The predominant COVID-19 strain has put the focus back on prevention.
[Originally published: June 28, 2021. Updated: August 18, 2021.]
Even as people began to feel some hope—or at least cautious optimism—early this summer that the pandemic could recede to the background, there was still the threat that new mutations of the COVID-19 virus could bring it back, and it might be even stronger.
A major worry right now is Delta, a highly contagious SARS-CoV-2 virus strain, which was first identified in India in December. It swept rapidly through that country and Great Britain before reaching the U.S., where it is now the predominant variant.
The Centers for Disease Control and Prevention (CDC) described Delta as more transmissible than the common cold and influenza, as well as the viruses that cause smallpox, MERS, SARS, and Ebola—and called it as contagious as chickenpox in an internal document, a copy of which was obtained by and reported on in The New York Times.

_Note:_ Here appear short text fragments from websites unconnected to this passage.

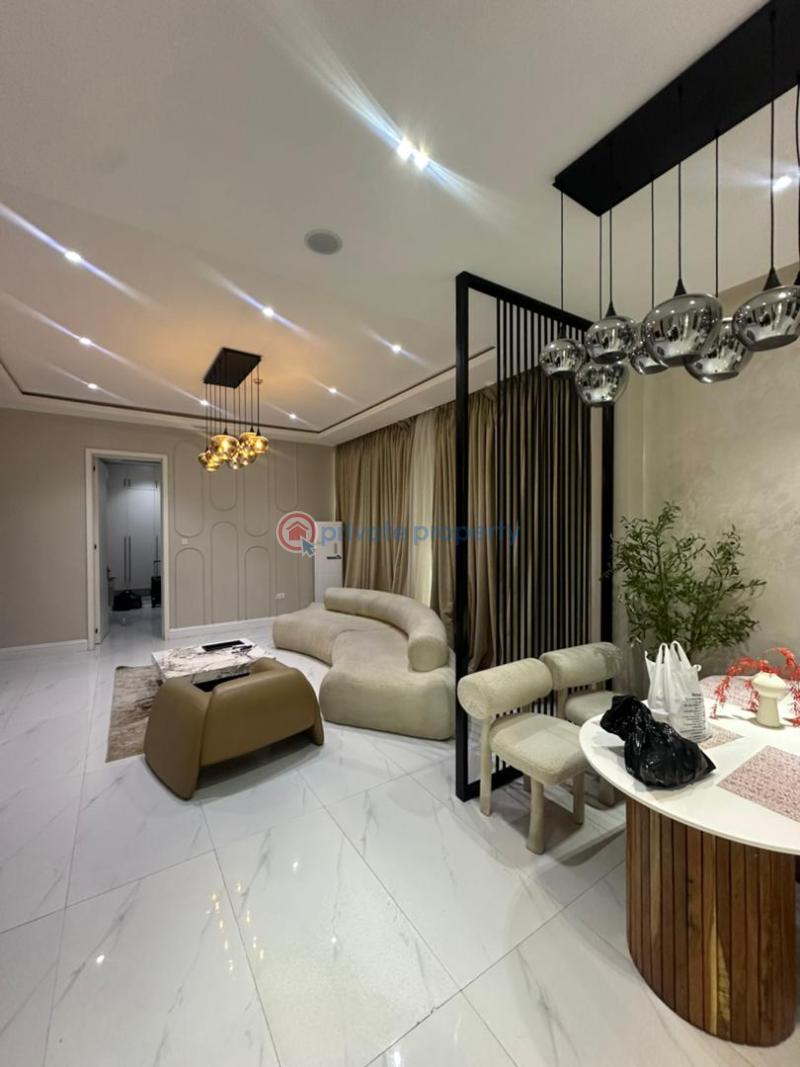 3 bedroom Flat & Apartment For Sale Lekki Phase 1 Lagos - 9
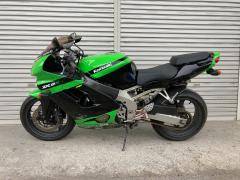 9出品 KAWASAKI ZX-9R 純正 プロジェクターヘッドライト 超美品 - メルカリ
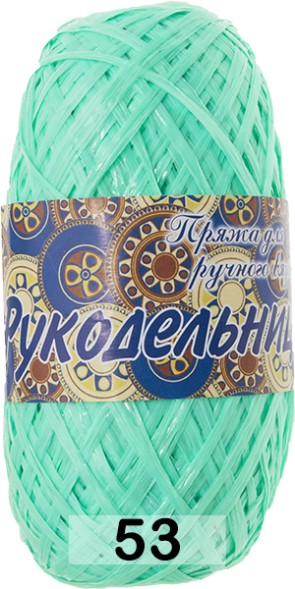 Пряжа Пехорка Рукодельница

The highest spread of cases and severe outcomes is happening in places with low vaccination rates, and virtually all hospitalizations and deaths have been among the unvaccinated, the CDC says. But the CDC released data in July that showed vaccinated people also can transmit Delta, which officials did not believe to be the case with other variants, and which led the agency to make a prompt revision to its masking guidelines.
Inci Yildirim, MD, PhD, a Yale Medicine pediatric infectious diseases specialist and a vaccinologist, isn’t surprised by what’s happening. “All viruses evolve over time and undergo changes as they spread and replicate,” she says.

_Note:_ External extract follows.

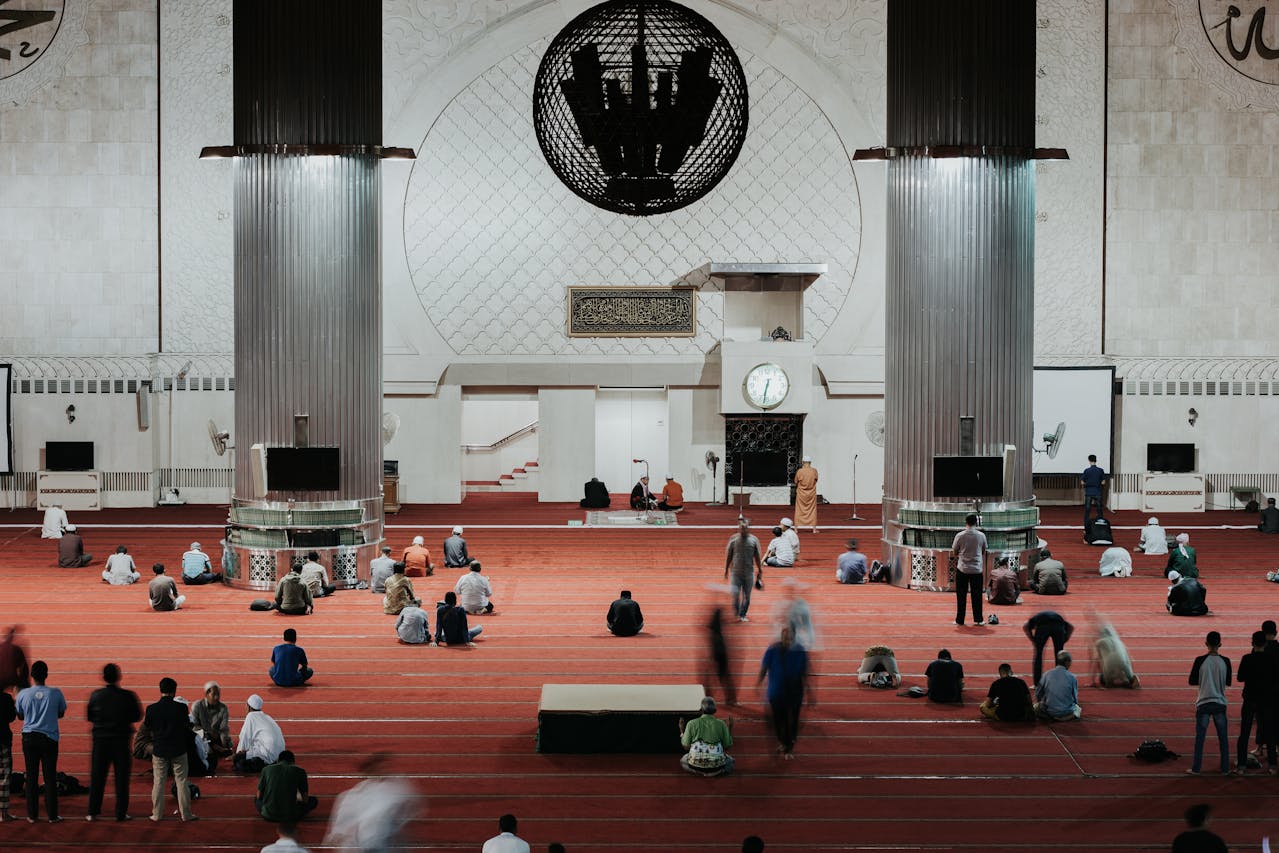 powerful duas for memory for muslims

From what we know so far, people who are fully vaccinated against the coronavirus continue to have strong protection against COVID-19 compared to those who aren’t. But anyone who is unvaccinated and not practicing preventive strategies is at high risk for infection by the new variant, doctors say.

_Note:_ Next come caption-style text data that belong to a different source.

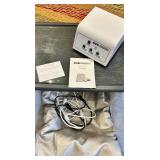 Gizmo Supply Co 3-Zone FIR Sauna Blanket - Controller & Manual Included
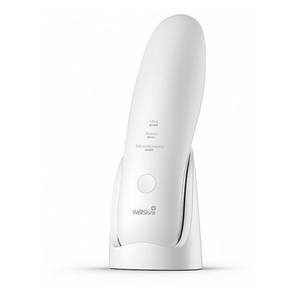 Аппарат для чистки лица Xiaomi WellSkins Ultrasonic Skin Scrubber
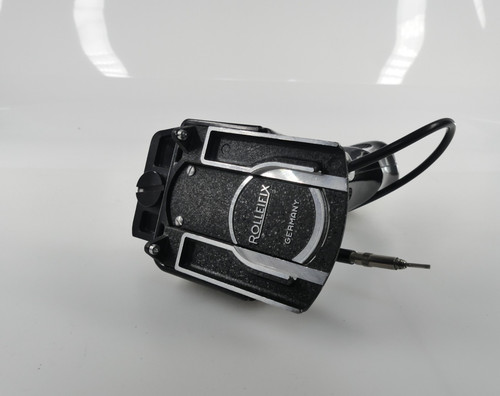 Rollei rolleiflex pistol - rollei,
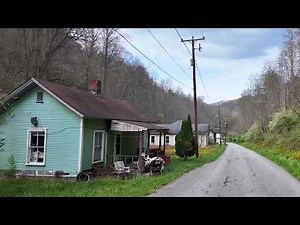 Jenkinjones, West Virginia | How Did This Happen?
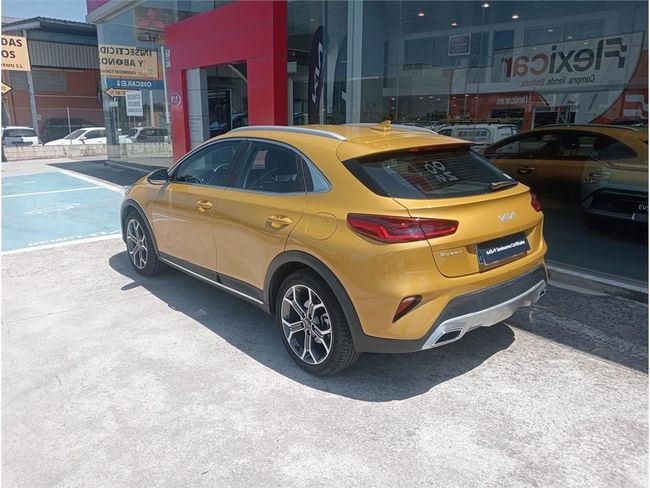 Kia XCeed 1.0 T-GDi Tech 88kW (120CV)  - Foto 7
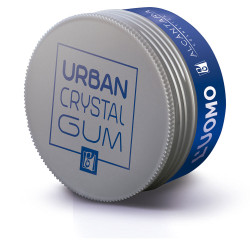 L'UOMO URBAN crystal 100 ml by ALCANTARA for Man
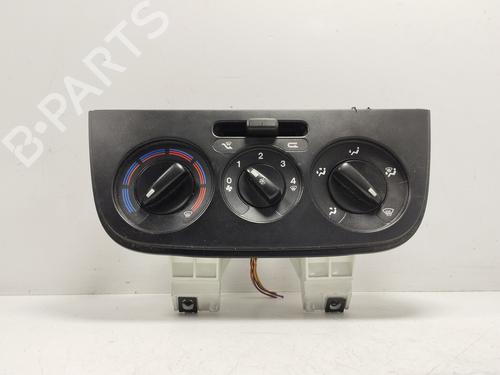 Used Climate control PEUGEOT BIPPER (AA_) [2008-2025]  21531200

Here are five things you need to know about the Delta variant.
1. Delta is more contagious than the other virus strains.
One thing that is unique about Delta is how quickly it is spreading, says F. Perry Wilson, MD, a Yale Medicine epidemiologist. Around the world, he says, “Delta will certainly accelerate the pandemic.” The first Delta case was identified in December 2020, and the variant soon became the predominant strain of the virus in both India and then Great Britain. By the end of July, Delta was the cause of more than 80% of new U.S. COVID-19 cases, according to CDC estimates.
A July CDC report on Delta’s transmissibility came after an outbreak that occurred in Provincetown, Mass., after a crowded July 4 weekend, which quickly turned into a cluster of at least 470 cases. While the number of reported “breakthrough” cases in general has been very low in the U.S., three quarters of those infected in Provincetown were people who had been immunized. According to the CDC, even people with breakthrough cases carry tremendous amounts of virus in their nose and throat, and, according to preliminary reports, can spread the virus to others whether or not they have symptoms.
The CDC has labeled Delta “a variant of concern,” using a designation also given to the Alpha strain that first appeared in Great Britain, the Beta strain that first surfaced in South Africa, and the Gamma strain identified in Brazil. (The new naming conventions for the variants were established by the World Health Organization [WHO] as an alternative to numerical names.)
“It’s actually quite dramatic how the growth rate will change,” says Dr. Wilson, commenting on Delta’s spread in the U.S. in June. Delta was spreading 50% faster than Alpha, which was 50% more contagious than the original strain of SARS-CoV-2, he says. “In a completely unmitigated environment—where no one is vaccinated or wearing masks—it’s estimated that the average person infected with the original coronavirus strain will infect 2.5 other people,” Dr. Wilson says. “In the same environment, Delta would spread from one person to maybe 3.5 or 4 other people.”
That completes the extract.